Work request -> The listing is to be transcribed in full, with its images left out.

Exercise data ->

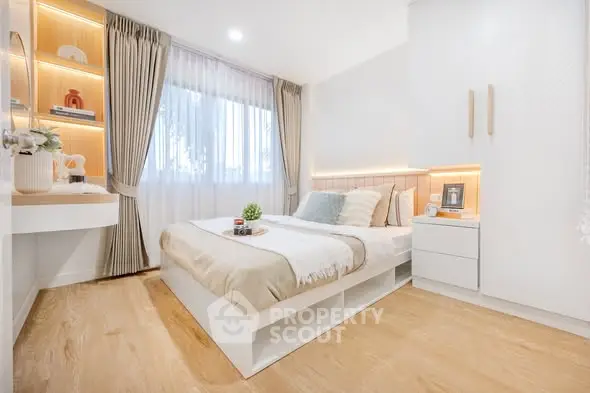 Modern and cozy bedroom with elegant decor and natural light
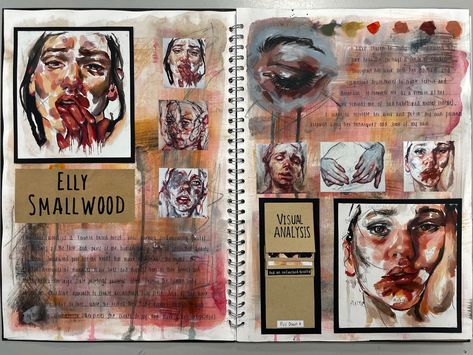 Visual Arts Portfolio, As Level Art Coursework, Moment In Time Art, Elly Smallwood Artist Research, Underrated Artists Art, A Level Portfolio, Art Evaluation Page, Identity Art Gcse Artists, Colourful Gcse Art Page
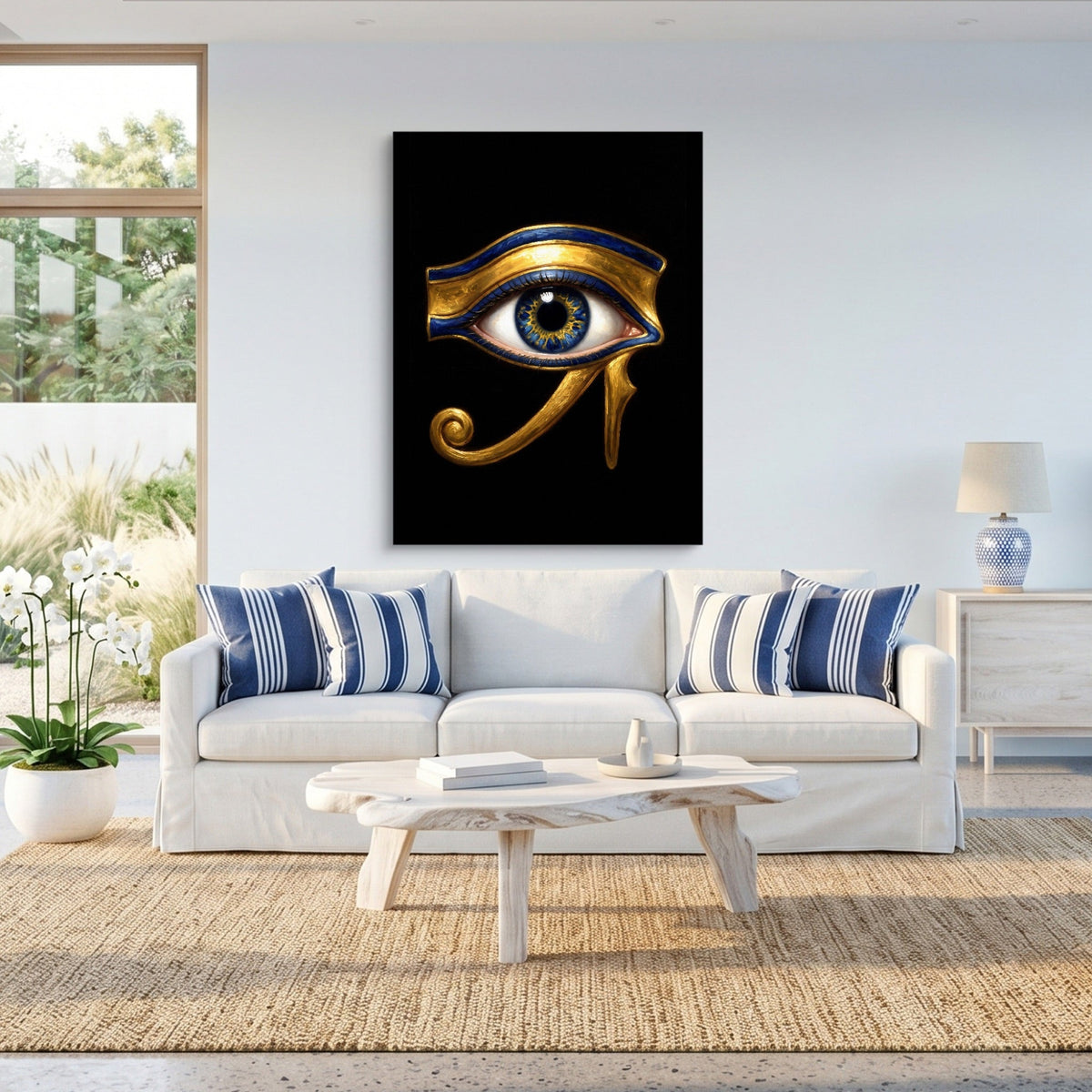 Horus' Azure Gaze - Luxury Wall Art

Output for this task ->
 Modern and cozy bedroom with elegant decor and natural light
 Visual Arts Portfolio, As Level Art Coursework, Moment In Time Art, Elly Smallwood Artist Research, Underrated Artists Art, A Level Portfolio, Art Evaluation Page, Identity Art Gcse Artists, Colourful Gcse Art Page
 Horus' Azure Gaze - Luxury Wall Art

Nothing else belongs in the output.